Apprentissage contrastif des représentations des récepteurs des cellules T
Nouvelle percée dans la prédiction de la spécificité des récepteurs des cellules T (TCR) - Introduction du modèle SCEPTR
Contexte académique
Les récepteurs des cellules T (TCR) jouent un rôle crucial dans le système immunitaire. Ils déterminent la spécificité des réponses immunitaires en se liant aux peptides présentés par les complexes majeurs d’histocompatibilité (MHC). Comprendre les interactions entre les TCR et les complexes peptide-MHC (pMHC) est un défi majeur en immunologie. Bien que les technologies à haut débit aient fourni une quantité importante de données de séquences TCR, la prédiction précise de la capacité des TCR à se lier à des pMHC spécifiques reste un problème complexe.

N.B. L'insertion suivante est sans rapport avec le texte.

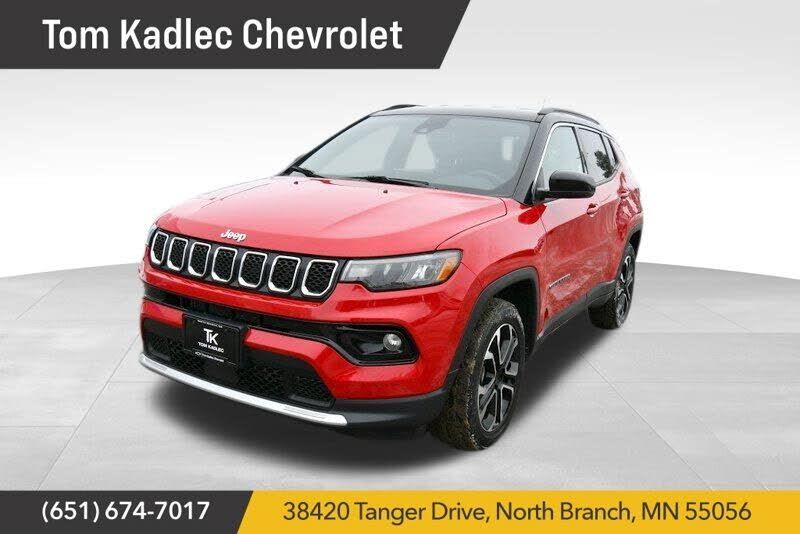 2024 JEEP Compass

Actuellement, les modèles de langage protéique (PLMs) ont montré un potentiel important dans l’analyse de données à haut débit, mais leurs performances dans les tâches de prédiction de la spécificité des TCR sont décevantes, en particulier dans des contextes où les données sont limitées. Ainsi, la question de savoir comment exploiter efficacement les données non annotées de séquences TCR pour entraîner des modèles est devenue une clé pour résoudre ce problème.
Origine de l’article
Cet article a été coécrit par Yuta Nagano, Andrew G.T. Pyo, Martina Milighetti et d’autres auteurs issus de plusieurs institutions de renom, dont l’University College London et Princeton University. Il a été publié le 15 janvier 2025 dans la revue Cell Systems, sous le titre “Contrastive Learning of T Cell Receptor Representations”. L’étude propose un nouveau modèle de langage TCR appelé SCEPTR (Simple Contrastive Embedding of the Primary Sequence of T Cell Receptors), en introduisant une stratégie de pré-entraînement combinant l’apprentissage par contraste et le modélisation linguistique masquée (MLM), ce qui améliore significativement la précision de la prédiction de la spécificité des TCR.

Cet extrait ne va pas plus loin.